In der Ukraine gab es bislang mindestens 135 Kältetote. In der Nacht zu Dienstag erfroren in Polen weitere sechs Menschen, teilte eine Sprecherin des Innenministeriums in Warschau mit. In Tschechien fanden Polizisten in einer Prager Kleingartenkolonie am Dienstag die Leiche eines 44 Jahre alten Obdachlosen. Die tiefste Temperatur wurde dort zuletzt mit minus 24,8 Grad in Sindelova (Schindlwald) im westlichen Erzgebirge gemessen.

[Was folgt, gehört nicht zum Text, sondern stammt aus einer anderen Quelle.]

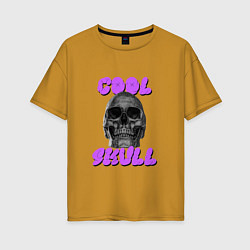 Футболка оверсайз женская Cool Skull, цвет: горчичный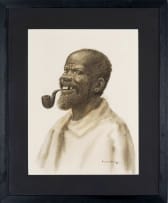 Gerard Bhengu; Portrait of a Man with a Pipe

Die Kältewelle erreichte auch Nordafrika: In Algerien starben in den vergangenen Tagen 25 Menschen bei wetterbedingten Verkehrsunfällen oder infolge von Kohlenmonoxidvergiftungen, teilten die Rettungskräfte am Dienstag mit. In etlichen Regionen Algeriens und Tunesiens hatte es in den vergangenen Tagen erstmals seit Jahrzehnten heftig geschneit.

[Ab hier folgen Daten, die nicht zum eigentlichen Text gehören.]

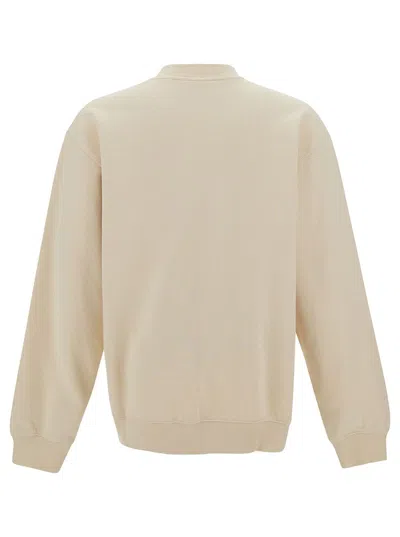Shop Jacquemus 'le Sweatshirt Gros-grain' Beige Sweatshirt With Logo Patch In Cotton Man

In Rumänien sind in der Nacht zu Dienstag nach Angaben des Gesundheitsministeriums ebenfalls zwei Menschen an der Kälte gestorben. Wichtige Fernstraßen sind gesperrt, Tausende Schulen geschlossen. Mindestens 130 Ortschaften blieben ohne Strom. In Ungarn starben nach Angaben der Nachrichtenagentur MTI in den vergangenen 24 Stunden vier Menschen in der Kälte.
Die meisten Regionen auf dem westlichen Balkan sind nach einem Schneesturm mit einer frischen Lage Schnee überdeckt, der vielerorts den Verkehr zum Erliegen brachte und die Stromversorgung unterbrochen hat. Auf der griechischen Insel Symi wurde nach schweren Regenfällen eine Frau aus Großbritannien von den Wassermassen erfasst und ertrank.
Auch in Litauen überlebten zwei Menschen den Frost in der Nacht nicht. Am Wochenende hatten die Temperaturen im Baltikum noch minus 30 Grad und kälter betragen. In Belgrad wurde Polizeiangaben zufolge eine Frau von einem vier Kilogramm schweren Eiszapfen erschlagen, der von einem zwölfstöckigen Gebäude auf den Gehweg herunterkrachte.
Auf den Straßen in Deutschland ist der ADAC im Dauereinsatz. Häufigste Ursache für Pannen, zu denen die Straßenwacht gerufen wurde, waren kaputte oder leere Batterien, Zündanlagen und Reifen.
Auf dem Münchner Flughafen fielen nach Angaben eines Sprechers am Dienstag insgesamt zehn Flüge aus, etliche Flugzeuge gingen verspäte in die Luft, weil beide Start- und Landebahnen abwechselnd geräumt und die Flieger enteist werden mussten.
Zahlreiche Bahnreisende mussten sich im Fernverkehr der Bahn gedulden. Wegen Weichen- und Signalstörungen in Frankfurt und Hannover hatten die Züge aus dem Norden in Mannheim im Laufe des Vormittags teilweise bis zu 30 Minuten Verspätung.
Auf der Elbe treiben inzwischen viele Eisschollen. Binnenschiffe machten notgedrungen fest, sagte Klaus Kautz, Chef des Wasser- und Schifffahrtsamtes Dresden. Er schätzte, dass zwischen Riesa und Torgau mittlerweile 50 Prozent des Flusses mit Schollen bedeckt sind, an engen Stellen unterhalb Torgaus sogar 80 Prozent.
Die Kälte macht auch den deutschen Bauern mehr und mehr Schwierigkeiten. Der Frost lasse die Energiekosten fürs Heizen steigen, Wasserleitungen einfrieren und könne eventuell auch bei der Saat zu Schäden führen, teilte der Bauernverband am Dienstag in Berlin mit. Mögliche Folgen für die Ernte könnten aber noch nicht abgeschätzt werden.
Auf den ostfriesischen Inseln Wangerooge und Juist werden inzwischen frische Lebensmittel knapp: Dort können seit Tagen keine Fähren mehr anlegen. Seit Dienstag ist mit Spiekeroog die dritte ostfriesische Insel abgeschnitten. Winterfreuden dagegen in Hamburg: Auf der zugefrorenen Alster, dem großen See in der Hansestadt, tummelten sich zahlreiche Schlittschuhläufer. Die Umweltbehörde warnt zwar weiter vor dem Betreten, verbietet es aber nicht mehr.